Collection entries:
■ ■ ■ ■ ■

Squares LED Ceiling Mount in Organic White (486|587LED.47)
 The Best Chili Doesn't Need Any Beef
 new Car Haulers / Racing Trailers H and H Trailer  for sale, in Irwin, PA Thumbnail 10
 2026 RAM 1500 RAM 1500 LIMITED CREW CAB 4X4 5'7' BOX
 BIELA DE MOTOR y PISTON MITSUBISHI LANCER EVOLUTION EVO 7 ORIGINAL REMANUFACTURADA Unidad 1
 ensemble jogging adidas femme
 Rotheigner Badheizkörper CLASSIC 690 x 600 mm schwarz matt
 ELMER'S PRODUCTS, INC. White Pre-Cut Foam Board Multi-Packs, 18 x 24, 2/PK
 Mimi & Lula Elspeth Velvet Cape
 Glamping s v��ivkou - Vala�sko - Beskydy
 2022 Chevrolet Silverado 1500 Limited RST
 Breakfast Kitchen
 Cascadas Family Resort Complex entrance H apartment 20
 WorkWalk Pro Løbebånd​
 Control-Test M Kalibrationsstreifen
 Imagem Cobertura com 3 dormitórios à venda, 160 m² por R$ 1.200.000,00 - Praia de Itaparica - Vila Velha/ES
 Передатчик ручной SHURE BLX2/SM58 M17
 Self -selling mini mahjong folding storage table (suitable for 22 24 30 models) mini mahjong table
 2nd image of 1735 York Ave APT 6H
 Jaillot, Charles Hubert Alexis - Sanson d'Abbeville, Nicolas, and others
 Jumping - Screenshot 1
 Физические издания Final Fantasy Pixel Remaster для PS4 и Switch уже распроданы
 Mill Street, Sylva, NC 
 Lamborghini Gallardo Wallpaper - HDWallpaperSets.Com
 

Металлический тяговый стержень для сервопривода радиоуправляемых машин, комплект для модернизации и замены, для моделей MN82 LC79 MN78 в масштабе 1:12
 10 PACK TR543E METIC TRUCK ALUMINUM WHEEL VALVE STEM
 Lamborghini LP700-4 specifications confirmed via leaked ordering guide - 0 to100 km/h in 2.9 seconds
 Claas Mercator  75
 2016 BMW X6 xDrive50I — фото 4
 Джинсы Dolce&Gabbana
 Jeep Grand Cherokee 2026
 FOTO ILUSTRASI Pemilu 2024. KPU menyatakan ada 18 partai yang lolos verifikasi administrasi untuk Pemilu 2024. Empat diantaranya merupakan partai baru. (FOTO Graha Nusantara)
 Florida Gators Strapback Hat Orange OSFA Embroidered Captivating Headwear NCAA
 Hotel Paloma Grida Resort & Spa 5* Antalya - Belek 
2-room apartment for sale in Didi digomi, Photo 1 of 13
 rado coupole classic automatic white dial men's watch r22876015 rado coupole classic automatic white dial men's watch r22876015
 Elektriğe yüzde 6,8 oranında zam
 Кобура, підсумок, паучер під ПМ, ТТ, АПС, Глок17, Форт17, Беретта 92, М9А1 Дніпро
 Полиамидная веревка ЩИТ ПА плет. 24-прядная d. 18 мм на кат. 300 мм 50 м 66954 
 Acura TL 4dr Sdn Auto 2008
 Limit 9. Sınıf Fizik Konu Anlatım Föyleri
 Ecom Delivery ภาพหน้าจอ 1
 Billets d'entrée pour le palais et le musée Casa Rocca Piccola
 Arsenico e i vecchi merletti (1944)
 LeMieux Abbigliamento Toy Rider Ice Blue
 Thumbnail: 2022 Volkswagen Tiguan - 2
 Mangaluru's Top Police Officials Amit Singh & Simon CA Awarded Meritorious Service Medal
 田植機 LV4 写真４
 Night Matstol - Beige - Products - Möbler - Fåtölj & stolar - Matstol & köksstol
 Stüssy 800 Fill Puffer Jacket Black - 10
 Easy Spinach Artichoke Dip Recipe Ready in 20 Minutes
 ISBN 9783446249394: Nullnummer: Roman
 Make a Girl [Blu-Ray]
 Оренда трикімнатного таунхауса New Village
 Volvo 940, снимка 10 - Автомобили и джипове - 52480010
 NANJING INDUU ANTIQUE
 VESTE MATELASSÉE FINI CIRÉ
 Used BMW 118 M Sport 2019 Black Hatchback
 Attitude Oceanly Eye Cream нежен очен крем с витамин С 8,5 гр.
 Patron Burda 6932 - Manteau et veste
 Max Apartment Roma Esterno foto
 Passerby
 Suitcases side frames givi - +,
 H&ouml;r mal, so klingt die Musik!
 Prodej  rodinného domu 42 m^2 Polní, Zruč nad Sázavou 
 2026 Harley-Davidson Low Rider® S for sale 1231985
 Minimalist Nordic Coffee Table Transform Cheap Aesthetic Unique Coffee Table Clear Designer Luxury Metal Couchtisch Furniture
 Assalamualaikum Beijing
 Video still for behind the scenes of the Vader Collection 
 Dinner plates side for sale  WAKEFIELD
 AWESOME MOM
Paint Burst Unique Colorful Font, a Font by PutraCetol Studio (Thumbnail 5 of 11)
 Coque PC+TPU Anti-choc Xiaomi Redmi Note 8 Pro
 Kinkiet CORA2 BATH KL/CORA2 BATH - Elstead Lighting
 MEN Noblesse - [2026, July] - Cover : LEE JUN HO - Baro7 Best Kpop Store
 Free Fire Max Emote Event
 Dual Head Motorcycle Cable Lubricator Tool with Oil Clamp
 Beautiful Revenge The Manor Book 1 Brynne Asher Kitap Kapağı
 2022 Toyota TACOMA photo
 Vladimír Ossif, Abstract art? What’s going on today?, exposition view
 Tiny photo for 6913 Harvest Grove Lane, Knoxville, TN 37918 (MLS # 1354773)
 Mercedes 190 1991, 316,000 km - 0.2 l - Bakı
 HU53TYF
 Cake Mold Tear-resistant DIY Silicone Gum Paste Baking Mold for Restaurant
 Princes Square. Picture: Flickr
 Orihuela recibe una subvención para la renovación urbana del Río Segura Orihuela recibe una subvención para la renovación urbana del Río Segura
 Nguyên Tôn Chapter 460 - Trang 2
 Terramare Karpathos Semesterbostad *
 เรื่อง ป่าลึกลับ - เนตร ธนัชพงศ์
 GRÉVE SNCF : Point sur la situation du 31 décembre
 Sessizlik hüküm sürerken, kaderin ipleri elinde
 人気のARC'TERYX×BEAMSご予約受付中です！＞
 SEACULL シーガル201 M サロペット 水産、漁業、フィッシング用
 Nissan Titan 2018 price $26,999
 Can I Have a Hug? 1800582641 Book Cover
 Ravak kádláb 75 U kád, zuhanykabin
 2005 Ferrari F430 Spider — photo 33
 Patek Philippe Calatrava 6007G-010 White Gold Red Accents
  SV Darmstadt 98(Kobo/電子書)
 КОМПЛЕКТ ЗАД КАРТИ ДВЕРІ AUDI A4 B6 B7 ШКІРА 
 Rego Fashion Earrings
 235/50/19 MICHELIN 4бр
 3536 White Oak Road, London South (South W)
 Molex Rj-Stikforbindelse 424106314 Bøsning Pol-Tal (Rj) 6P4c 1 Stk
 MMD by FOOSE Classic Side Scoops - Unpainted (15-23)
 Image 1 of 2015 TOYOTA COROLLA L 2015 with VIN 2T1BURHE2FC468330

■ ■ ■ ■ ■

EXERCISE OBJECTIVE
Show every line of the data in which the word "Rider" appears.

OUTPUT
 LeMieux Abbigliamento Toy Rider Ice Blue
 2026 Harley-Davidson Low Rider® S for sale 1231985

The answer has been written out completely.